Dancing by Myself: Jenny Ping at Klaus von Nichtssagend

Jenny Ping, "Milky Sky Ballet Festival", 2006
Jenny Ping, Milky Sky Ballet Festival, 2006, pencil, color pencil, marker,
white china marker on grey green tinted paper, 17 x 35 inches.
Courtesy of Klaus von Nichtssagend
On The Stage
Jenny Ping
Klaus von Nichtssagend Gallery - 438 Union Avenue Brooklyn, NY
21 September - 28 October, 2007

The Klaus von Nichtssagend Gallery is a true artists' gallery, upholding the fervent sensibilities of the practitioner-proprietors whose love for art and their fellow artist colleagues begets some brilliant exhibitions. The "nicht" in the Nichtssagent literally means "nothing." The owners, RISD grads fed up with the stale state of affairs in the art world, wanted to see artists up that they simply weren’t seeing. In the spirit of artistic progress and creative ingenuity, they joined forces and started their own exhibition space that they aptly dubbed with the most pretentious sounding name they could imagine, equally offset by its own ridiculous non-meaning. The only rule at the space is a refusal to show their own work in order to mitigate the already painful tendencies of the art world's blatant self-indulgence. The name of the space was their clever antidote to the dilemma of artists showing artists. Call it a wink at the art historical -isms and self-reflexive considerations all their favorite German authors and professors taught them (I miss you, Buchloh!). The three founders and co-directors, Sam Wilson, Rob Hult and Indgrid Bromberg Kennedy, call it a "labor of love." Located just off the Lorimer stop in Williamsburg, the Klaus Gallery sits conveniently next to Dumont where the strategic placement guarantees pre-brunch art viewing.

Jenny Ping's new work, currently hanging in Klaus, depicts a theatrical revelry of dance moves, bright costumes, and skin-hugging tights for an imaginary turn of the century ballet performed by dinosaurs — an homage to the legendary Serge Diaghilev's Ballets Russes, the art-savvy Russian impresario who brought the best of St. Petersburg’s youthful, hot studs to Paris in his operas and ballets. Clad in remarkable costumes rendered with impeccable artistic direction, Diaghilev's creations were a success not unlike Ping's motley cast of creatures. Ping doesn't omit a single detail in her deft execution of each pretty ballerina with an elaborately designed costume.

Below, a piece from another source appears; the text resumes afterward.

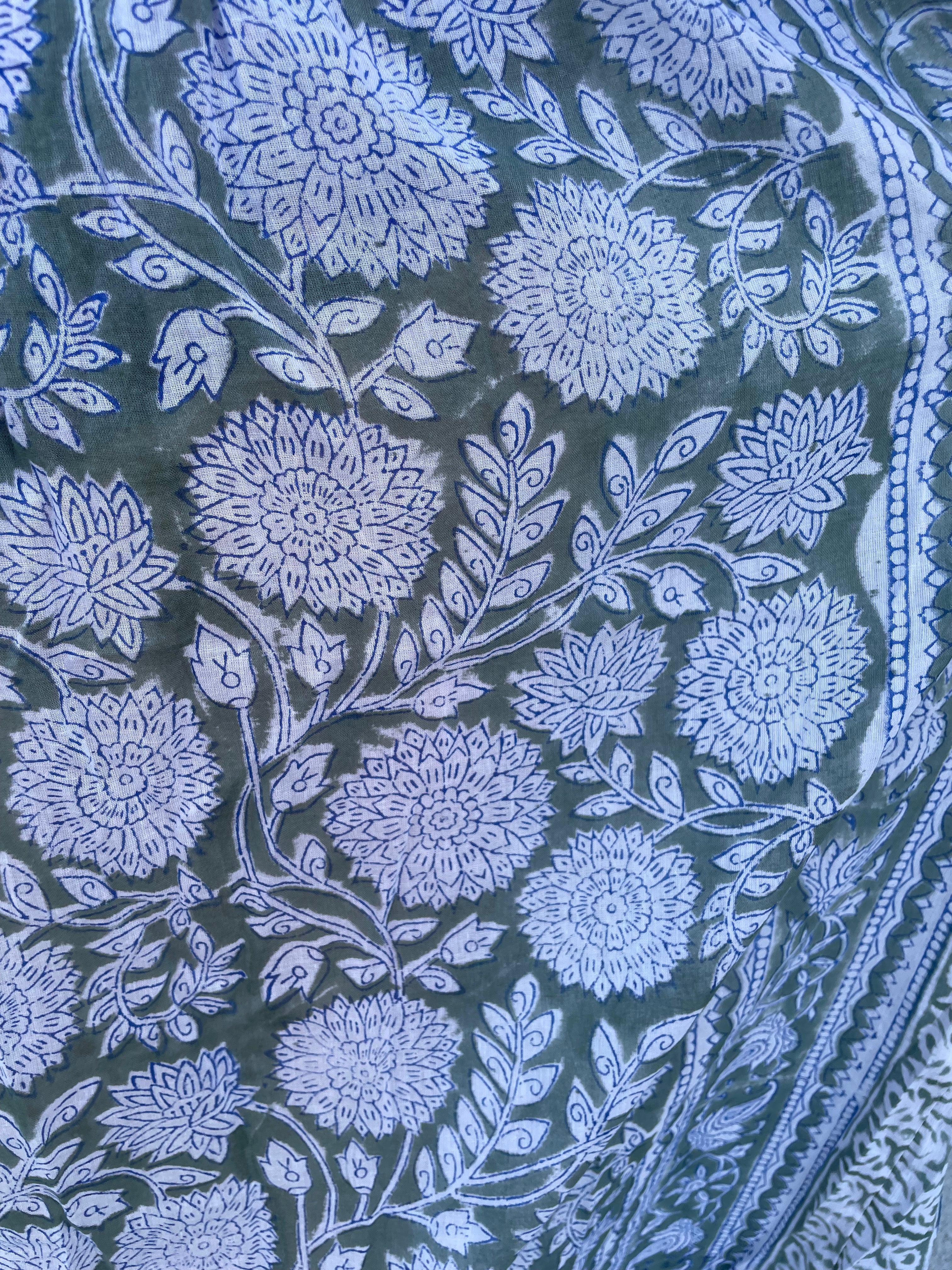 Misty Meadow Hand Block Printed Kaftan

The dinosaurs fly through the air, contorting their graceful limbs in front of a decorated stage, replete with mountain backdrops and scenic backgrounds. Her dancers are actually "Dansaurs," happy little creatures who celebrate life. If only we could hear the orchestral sounds the send these cute guys into flight.

Ping at once demonstrates the craft of a costume designer, art director, choreographer, and conductor in her work. She imparts her skill as a craftsman on her art, creating drawings, paintings and collages to reflect her vision and engage her technical virtuosity. For such a multifarious process, she clearly has her hands full. In Four Braider Dansaurs, the artist's cast of characters wear stunningly decorated costumes that overlap in their pose, flattened over the entirety of the canvas with a subtle hinting at the illusion of space — reminding us that we’re looking at a stage, after all. The point, however, is to not reflect on spatial relations through movement, but rather to focus on the movement itself — not to mention reflecting on the silly antics of these creatures who dance their night away in ornate costume that only the luckiest of prom queens might ever hope for.

The Klaus von Nichtssagend space never ceases to entertain, this show included. Jenny Ping's work is a perfect match for a gallery founded on the only principles that matter: art we want to see but simply don't anywhere else.